Intro To GeoPandas

Posted on Wed 15 January 2020 in Python • 6 min read

Pandas for geospatial data

Personally whenever I am faced with a problem that involves analysing geospatial data, GeoPandas is the first tool/package I reach for. Extending on the Pandas dataframe data structure, GeoPandas brings functionality for working with points, polygons and more out of the box. This post is to go through some basic geometry functions which I find myself countless times in GIS work.

First Steps

A Pandas dataframe, is essentially a tabular representation of a dataset; a GeoPandas dataframe is an extension on this tabular format that includes a 'geometry' column and a crs. The 'geometry' column is exactly as it sounds, it contains the geometry of the point, line or polygon that is assosciated with the rest of the columns (this is defined by the shapely module). The crs (Coordinate Reference System) attribute to a GeoPandas dataframe contains the projection of the data into the real world (eg, WGS84)

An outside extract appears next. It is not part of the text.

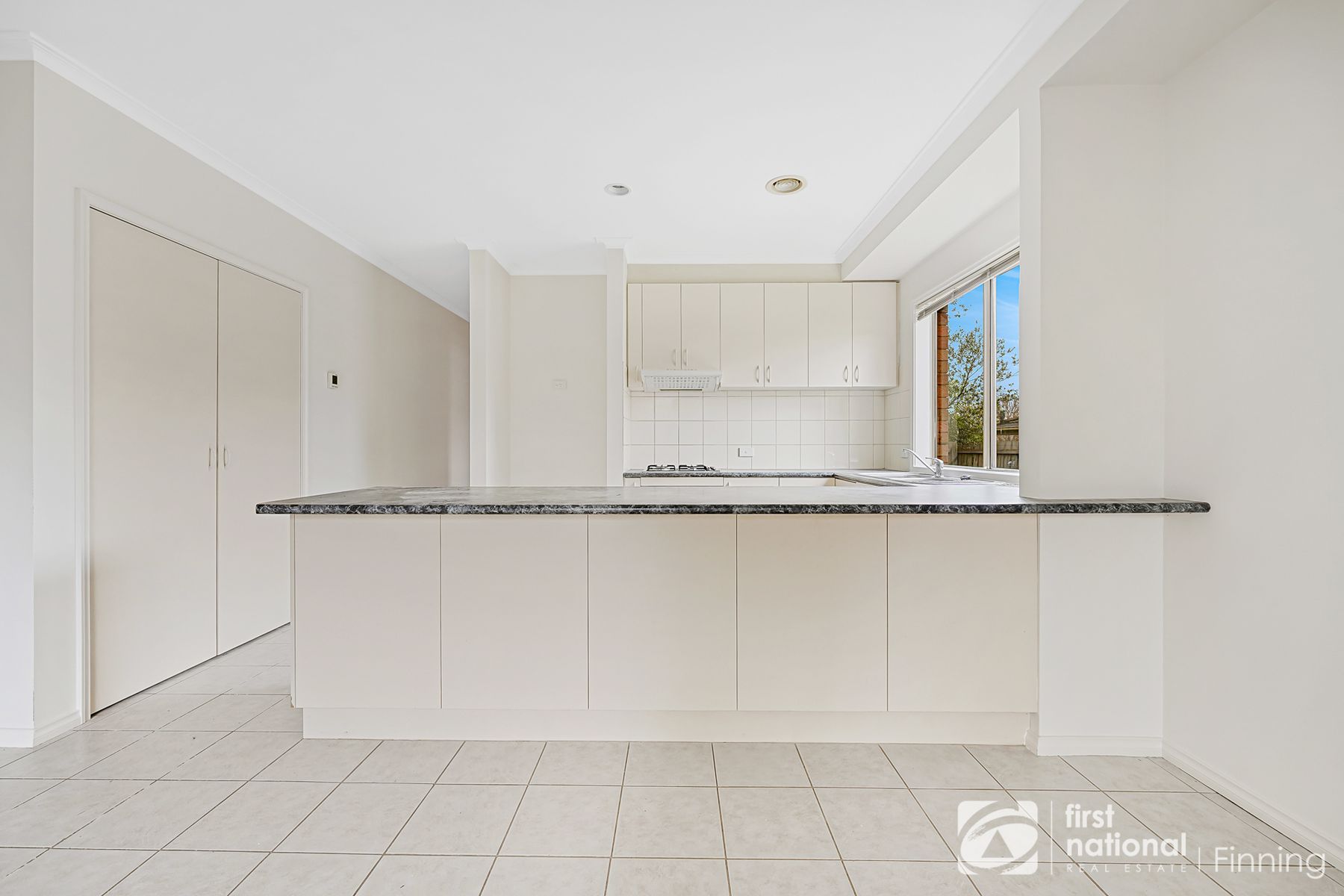 14 Augustus Drive, Berwick VIC 3806, Berwick - Thumbnail 4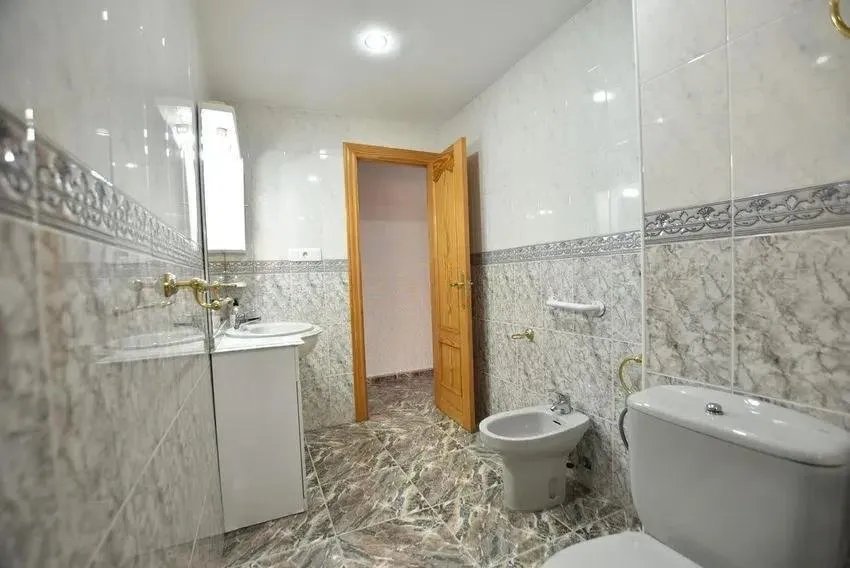 Piso de 85 m² en Granada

Let's begin by creating some example geometries with Shapely to include in our GeoDataFrame.

In [1]:
import geopandas
import pandas
from shapely.geometry import Polygon, Point
In [2]:
p1 = Polygon([(0, 0), (1, 0), (1, 1), (0, 1)])
p2 = Polygon([(0, 0), (1, 0), (1, 1)])
p3 = Polygon([(2, 0), (3, 0), (3, 1), (2, 1)])

gdf = geopandas.GeoDataFrame(columns=['geometry'],data=[p1,p2,p3])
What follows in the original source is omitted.